Begin your transcription at the line containing "Set de 2 jardinières" and continue it, word for word, to the final line below. Include only those lines and skip the pictures.

(Source material)

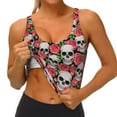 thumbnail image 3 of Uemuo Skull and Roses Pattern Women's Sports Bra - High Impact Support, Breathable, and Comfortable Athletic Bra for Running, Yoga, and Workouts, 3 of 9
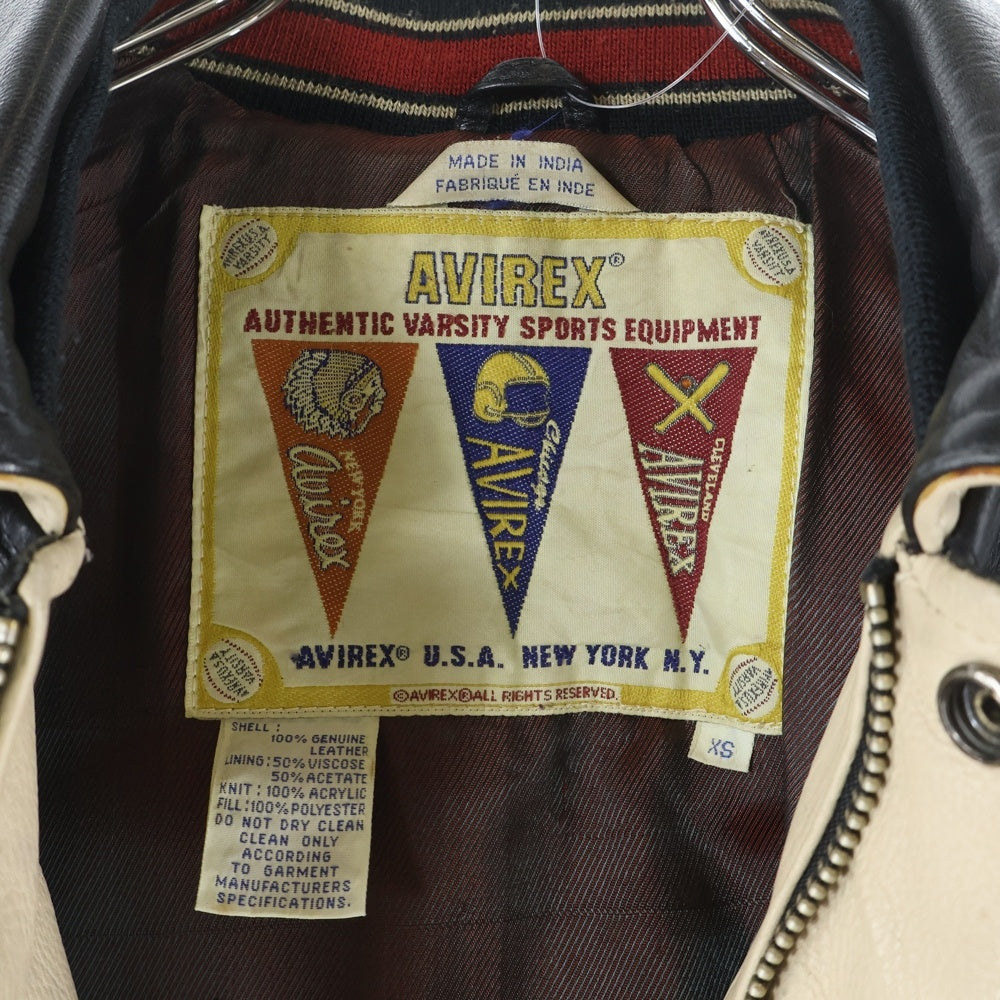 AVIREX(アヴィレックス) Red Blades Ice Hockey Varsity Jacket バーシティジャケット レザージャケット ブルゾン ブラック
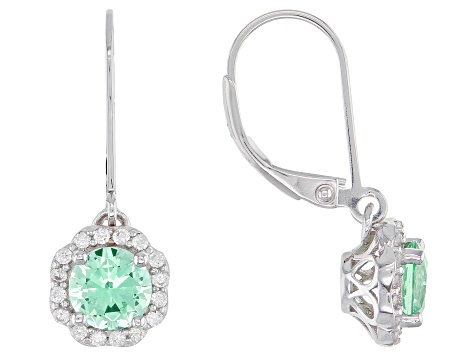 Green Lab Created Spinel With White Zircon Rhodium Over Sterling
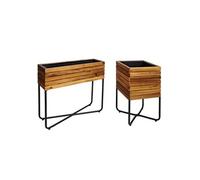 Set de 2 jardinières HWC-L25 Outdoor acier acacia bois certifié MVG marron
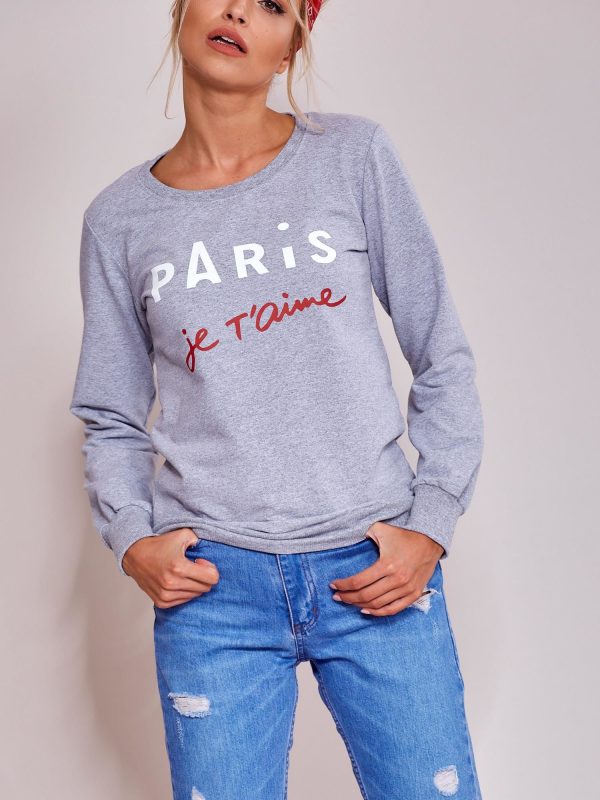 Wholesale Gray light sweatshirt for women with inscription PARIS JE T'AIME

(End Source material)

• Output for this exercise:
 Set de 2 jardinières HWC-L25 Outdoor acier acacia bois certifié MVG marron
 Wholesale Gray light sweatshirt for women with inscription PARIS JE T'AIME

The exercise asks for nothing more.